*YOUR TASK:* Beginning with the line that holds "Beach beds and", write out each line exactly as it stands until the end of the data, and include no pictures.

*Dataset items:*
------------------------------

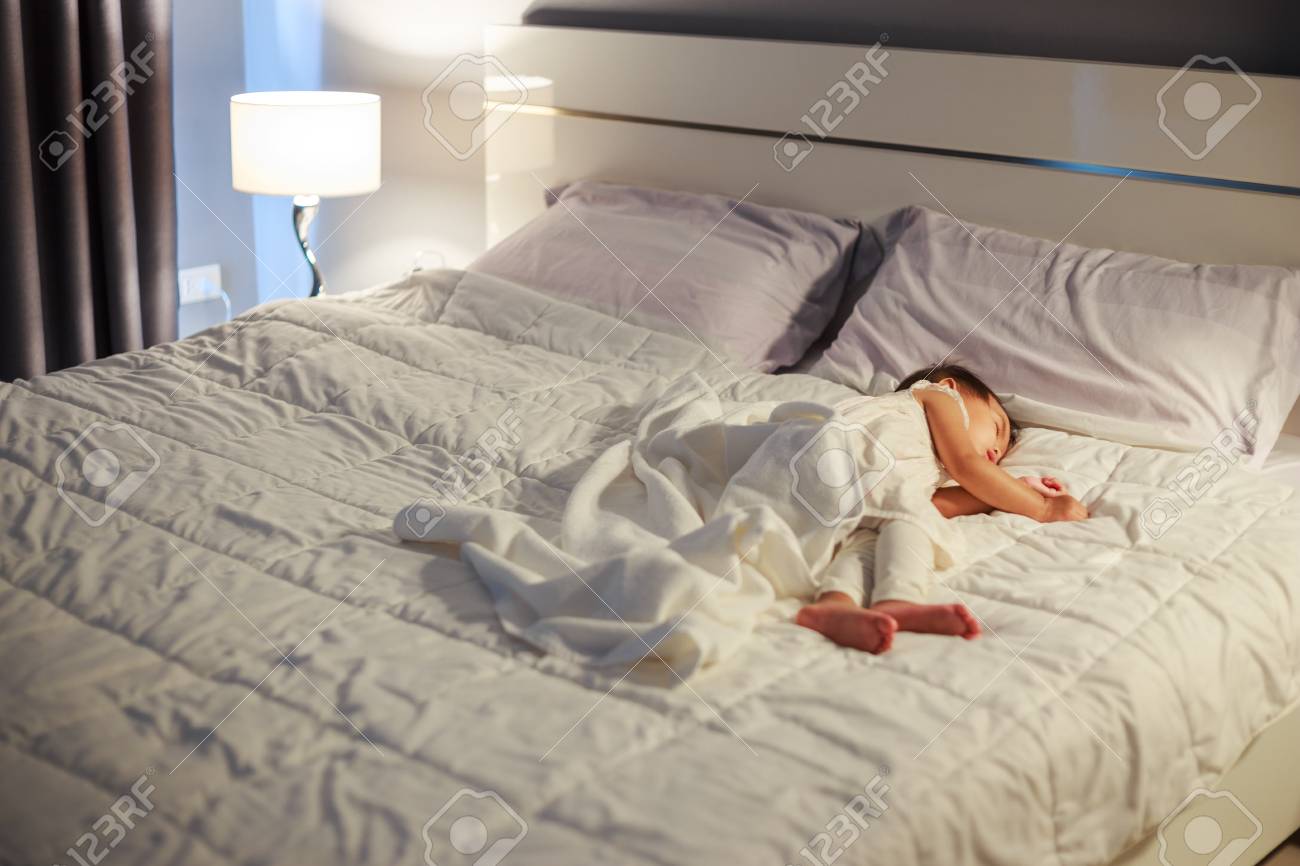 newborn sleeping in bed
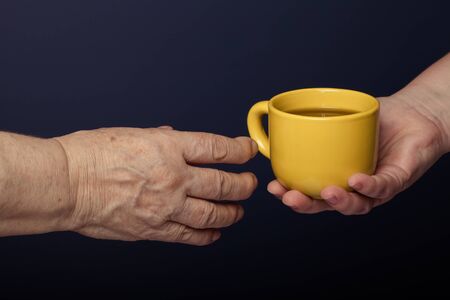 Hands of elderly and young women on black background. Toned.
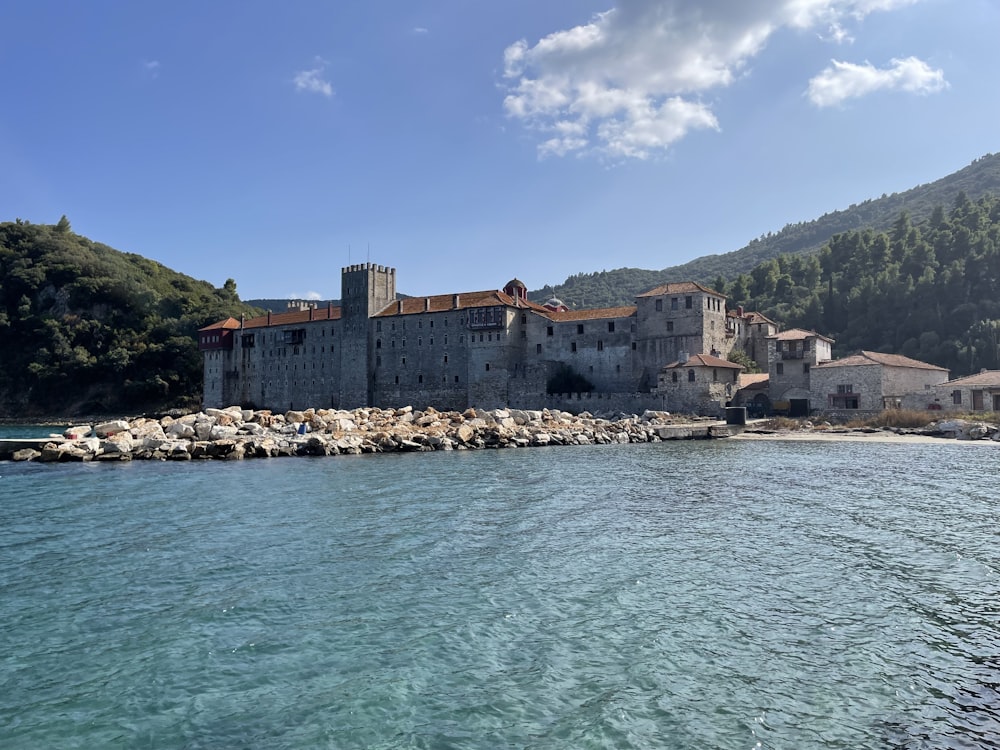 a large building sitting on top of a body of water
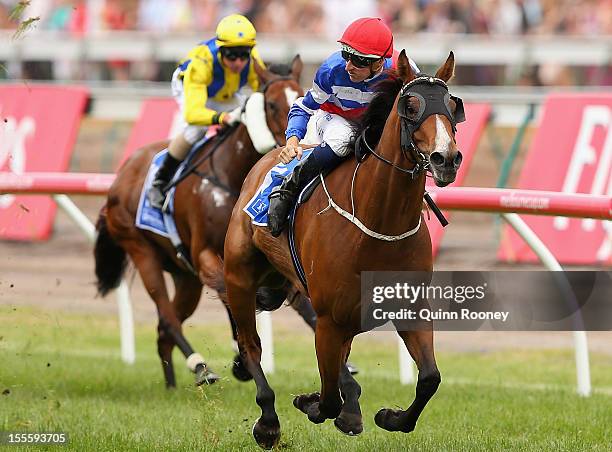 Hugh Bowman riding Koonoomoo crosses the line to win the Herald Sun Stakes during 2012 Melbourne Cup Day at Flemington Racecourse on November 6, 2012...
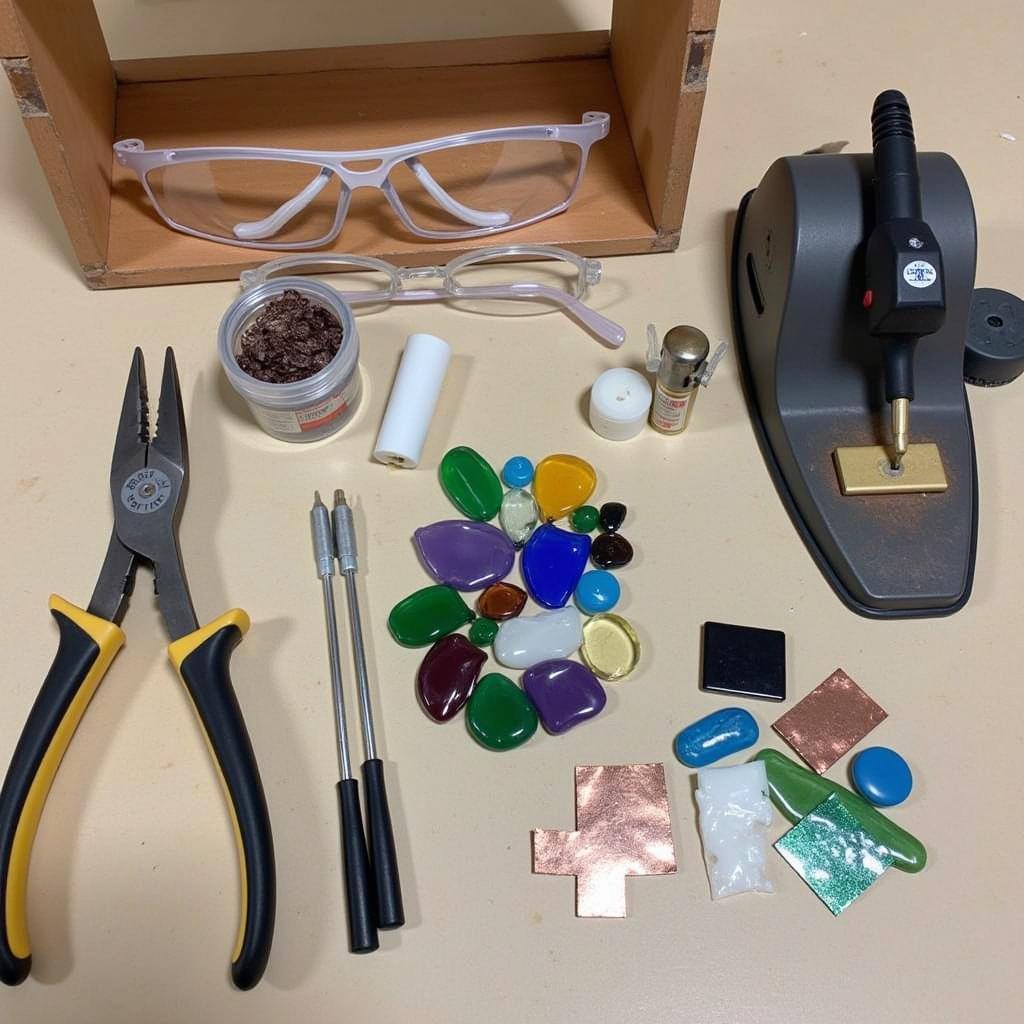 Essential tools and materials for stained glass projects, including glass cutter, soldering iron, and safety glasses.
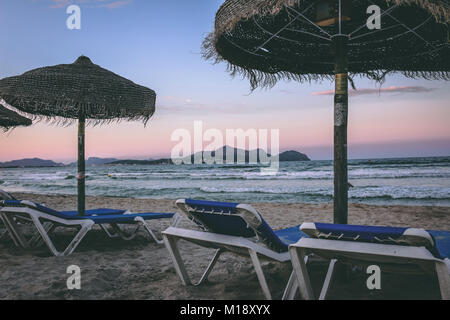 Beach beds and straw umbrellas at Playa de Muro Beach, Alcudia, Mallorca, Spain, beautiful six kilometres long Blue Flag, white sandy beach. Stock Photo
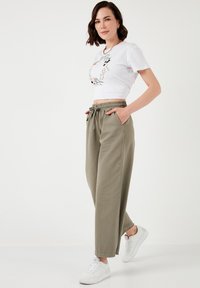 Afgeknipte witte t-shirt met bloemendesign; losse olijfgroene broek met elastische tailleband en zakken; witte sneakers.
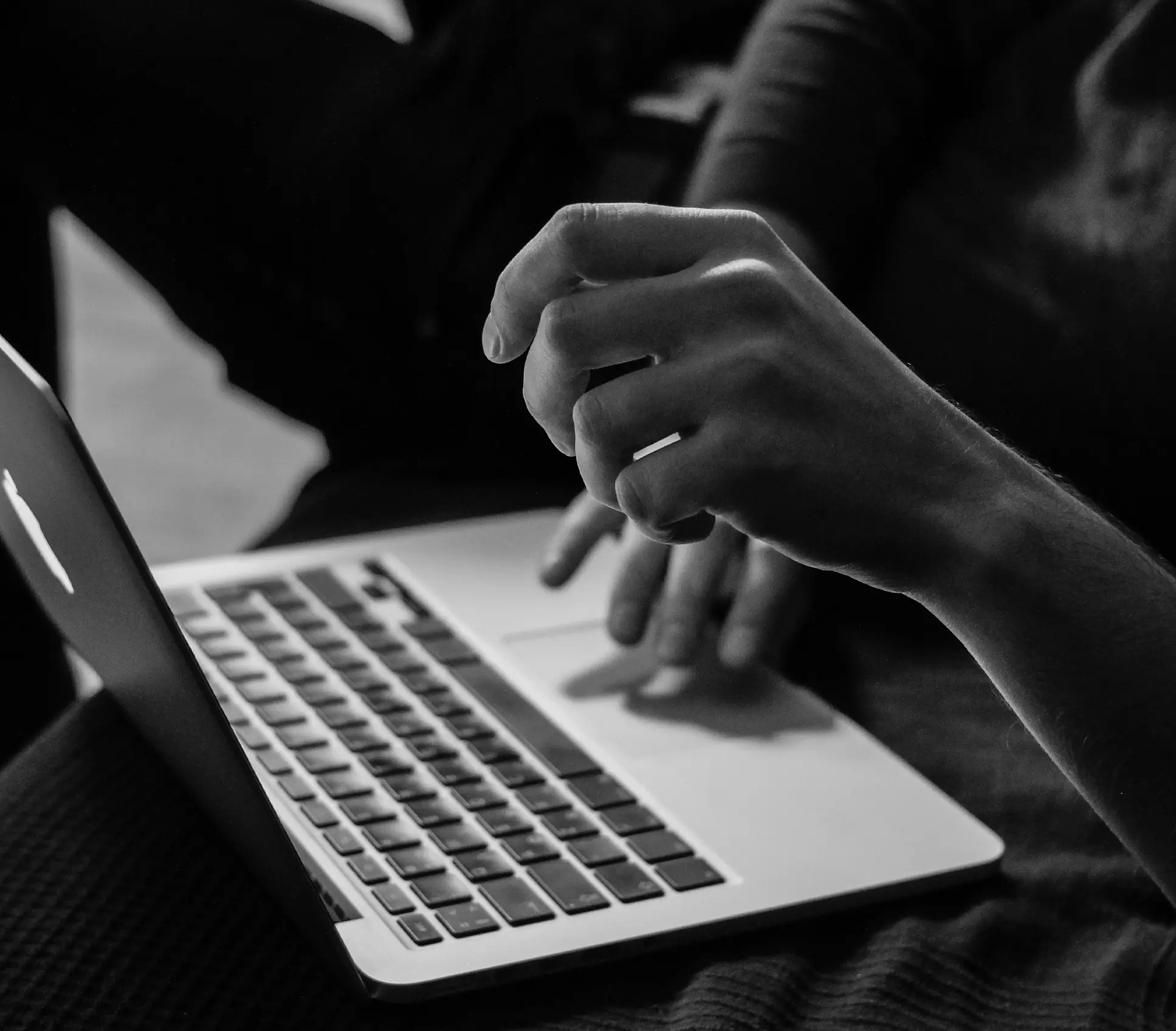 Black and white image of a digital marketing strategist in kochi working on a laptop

------------------------------

*RESPONSE:*
 Beach beds and straw umbrellas at Playa de Muro Beach, Alcudia, Mallorca, Spain, beautiful six kilometres long Blue Flag, white sandy beach. Stock Photo
 Afgeknipte witte t-shirt met bloemendesign; losse olijfgroene broek met elastische tailleband en zakken; witte sneakers.
 Black and white image of a digital marketing strategist in kochi working on a laptop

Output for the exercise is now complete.